[Web page caption snippets]
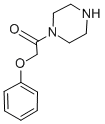 1-(phenoxyacetyl)piperazine hydrochloride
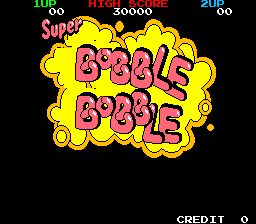 Super Bobble Bobble cabinet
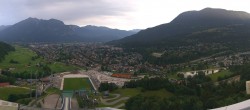 Archiv Foto Webcam Garmisch-Partenkirchen - Olympiaschanze 05:00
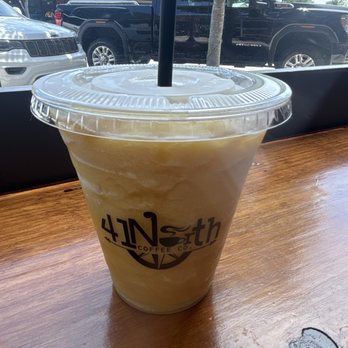 41 North Coffee - pineapple paradise smoothie - Coffee & Tea Near Me - Wendell, North Carolina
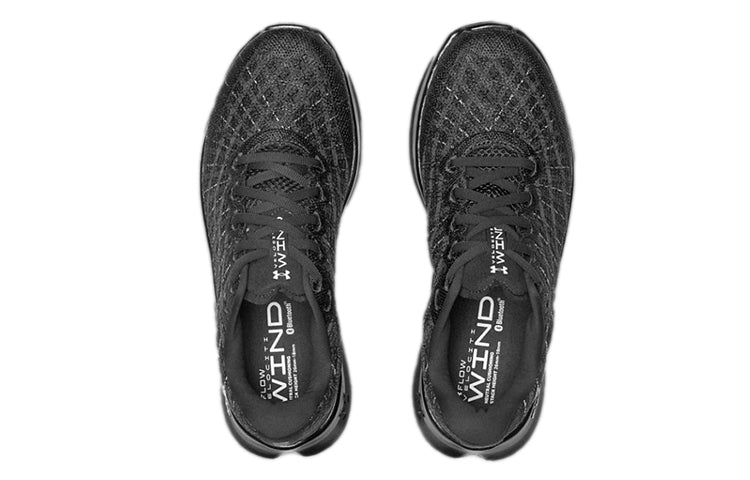 (WMNS) Under Armour Flow Velociti Wind 'Black' 3023561-107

- [TASK ITEM]
Reproduce the entries exactly. Do not carry over any picture.

- [TASK RESULT]
 1-(phenoxyacetyl)piperazine hydrochloride
 Super Bobble Bobble cabinet
 Archiv Foto Webcam Garmisch-Partenkirchen - Olympiaschanze 05:00
 41 North Coffee - pineapple paradise smoothie - Coffee & Tea Near Me - Wendell, North Carolina
 (WMNS) Under Armour Flow Velociti Wind 'Black' 3023561-107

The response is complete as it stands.